Research into smartphone addiction is still in its infancy. Studies tend to be retrospective, anecdotal, qualitative, or reliant on self-reported data. (The investors, in their letter, cite “common sense” as well as peer-reviewed journal articles.) Part of the problem is that psychologists haven’t agreed upon what qualifies as smartphone addiction—or even that it’s a disorder at all.

One rather clever study, published in 2015 in the Journal of Computer-Mediated Communication, found that adult iPhone users who were separated from their smartphones but could hear them ringing experienced spikes in blood pressure and heart rate, as well as increased feelings of anxiety and unpleasantness. (The participants thought they were testing a wireless blood-pressure cuff, and had their phones confiscated under the pretense that they were interfering with the cuff’s Bluetooth technology.)

That same year, researchers at the University of Iowa went so far as to coin a neologism for the disorder, nomophobia—”no mobile phone” phobia—and developed a 20-point questionnaire to gauge users’ dependence on their devices.

A more recent study, presented in December at the annual meeting of the Radiological Society of North America, reported finding chemical imbalances in the brains of smartphone-addicted teens.

Sung Suk Seo, a professor of neuroradiology at Korea University, in Seoul, used magnetic resonance spectroscopy—a kind of MRI—to examine levels of gamma-Aminobutyric acid (GABA) and other neurotransmitters in the brains of 19 smartphone-addicted teenagers, as well as 19 non-addicted control subjects.

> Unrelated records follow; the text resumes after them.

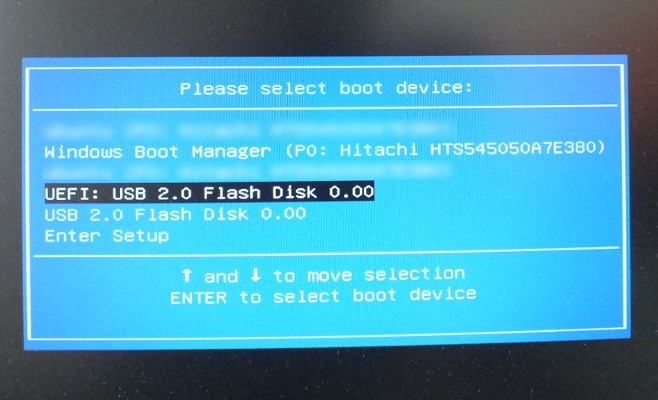 Select boot device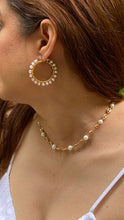 Load image into Gallery viewer, Pearl and Puffed Mariner link Necklace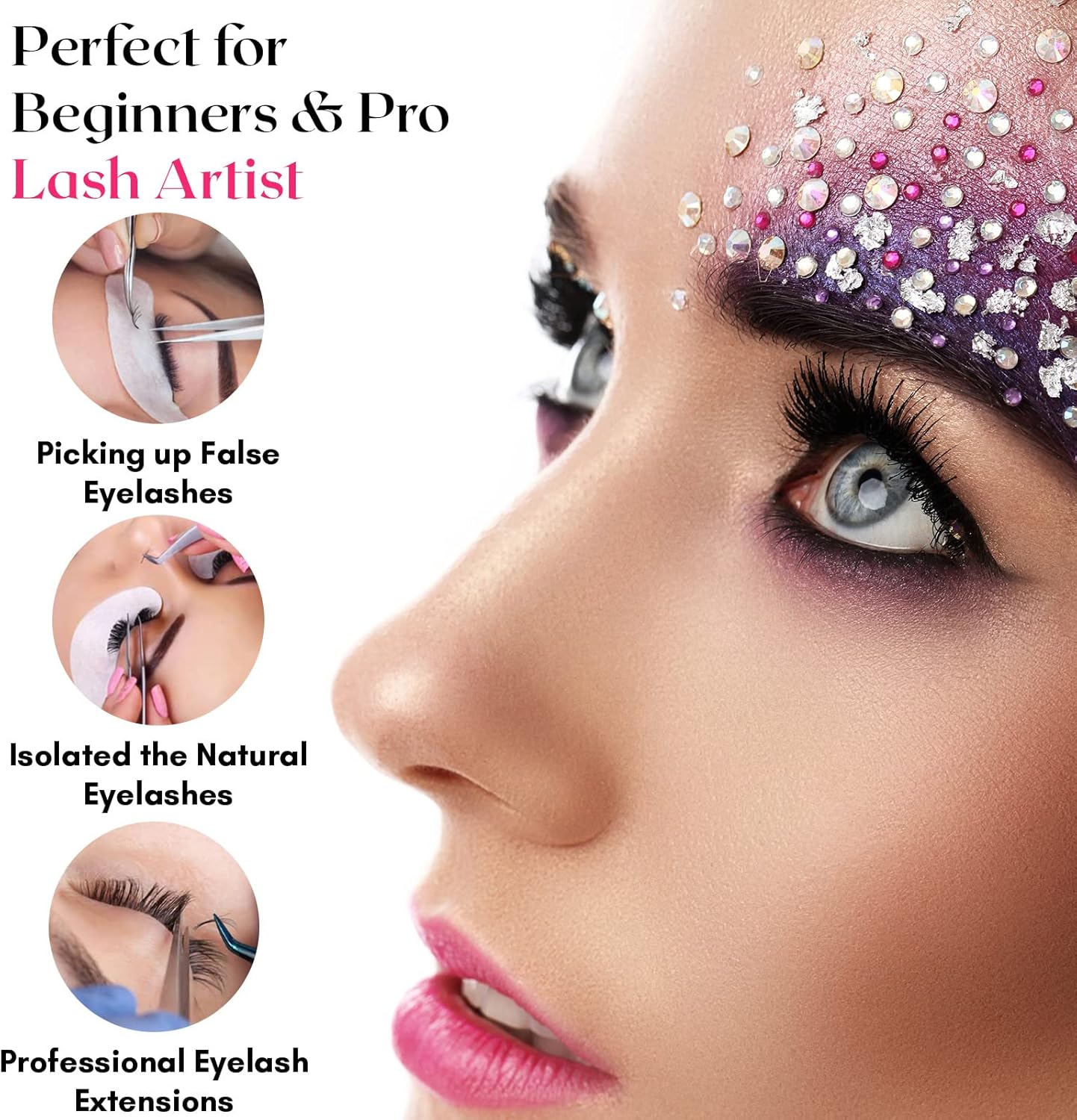 Isolation Tweezer for Eyelash Extensions – 14cm Curved Lash Tweezer, Stainless Steel, Best for Individual Isolation & Classic Lashes, Pinzas para Twisers (Black Titanium)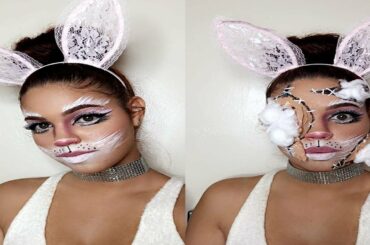 CUTE Bunny & CREEPY UNSTUFFED Bunny Tutorial | Two Faced Halloween Series | BrookieMarieTV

Suk and his colleagues found elevated ratios of GABA—an inhibitory neurotransmitter, or “downer,” thought to be linked to anxiety—in the brains of addicted teens. (Other studies have shown that heavy smartphone users demonstrate “increased impulsivity, hyperactivity and negative social concern.”) After the smartphone-addicted teens completed nine weeks of cognitive behavioral therapy, based on a protocol for Internet addiction, their GABA ratios decreased significantly.

Studies with so small a sample size should be taken with a hefty grain of salt. Their conclusions are preliminary, at best. Their real value lies in pointing the way for future research.

Which is just what Apple’s investors are calling for. In their letter, the investors urge the company to convene an expert committee of child development specialists, offer their vast trove of user data to researchers, build out a menu of parental controls for a variety of ages, educate families to make informed choices, and report on its progress annually, in the same way it reports on sustainability and corporate responsibility.

Apple published a statement late Monday night detailing the parental controls already on offer in iOS, adding: “We think deeply about how our products are used and the impact they have on users and the people around them. We take this responsibility very seriously and we are committed to meeting and exceeding our customers’ expectations, especially when it comes to protecting kids.”

A more interesting—and less sanitized—response came from former Apple executive Tony Fadell, one of the creative minds behind both the iPod and the iPhone. “These things can be incredibly addictive,” he told the New York Times. “It’s amazing, but there are a lot of unintended consequences.”